Ralph was developed by INTEL in 2040 to design its next generation chip, enabling it to leap far ahead of Moore's Law. Ralph's task is to design the chips that will serve as the basis for its own upgrade. And I quote —
At 0357 GMT it's trying to crack the loss of quantum coherence problem that plagued the Dodecium40 design team and limited the number of bits in its registers, allowing AMD to stay competitive. Combing the literature for solutions, it finds a promising reference in the Bulgarian Journal of Quantum Computing.
To understand this article, it brings itself up to date on all the precursor literature, and in so doing, sees the solution that was sought after but not actually achieved by the Bulgarian research team.
But will this theoretical insight actually work when the nanotubes hit the road? At Intel's automated research facilities at McMurdo Sound (easy cryo) and in GEO (no funky gravity probs), it robotically performs feasibility studies that are highly promising.
Now, returning to Kelly's article, will we have any indication that the web itself is getting smart? Yes, absolutely! (And in this post I've just singled out one path among many to an autonomous, intelligent web.) Just track the following trend...

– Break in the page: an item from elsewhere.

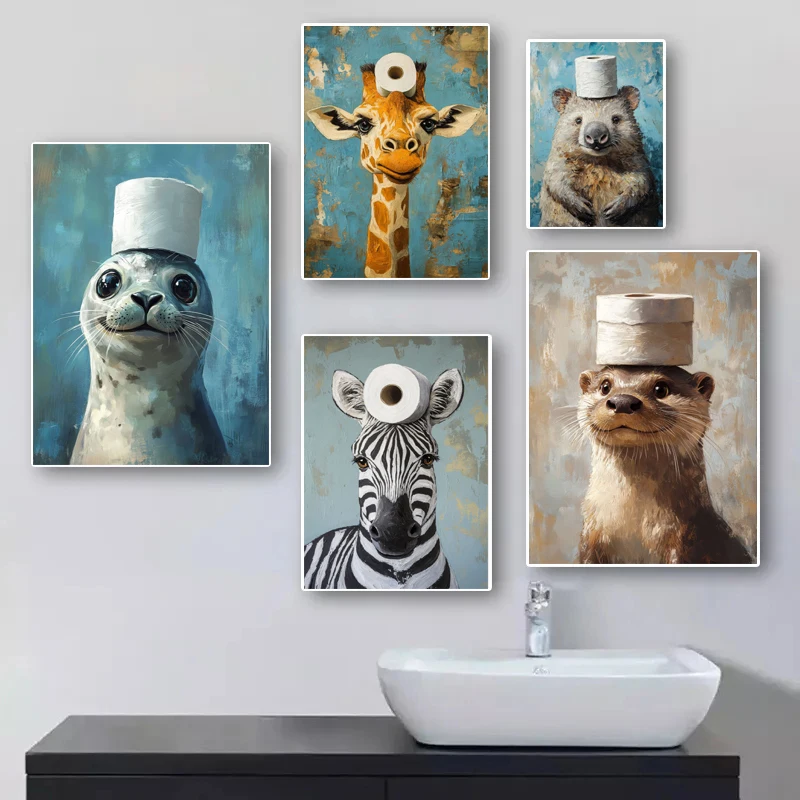 Cartoon Cute Funny Animals wit - Home Bathroom Pictures avaliação e preço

dollars flowing into companies that create knowledge servers that autonomously search websites, reading their contents, synthesizing that information, and formulating new knowledge.
It won't be a secret effort, performed conspiratorially by the web itself (bent, perhaps, on creating SkyNet). It will be a very public effort undertaken by dozens of companies that will do it because it will be highly profitable.
Bob Blum — Dec 17 2008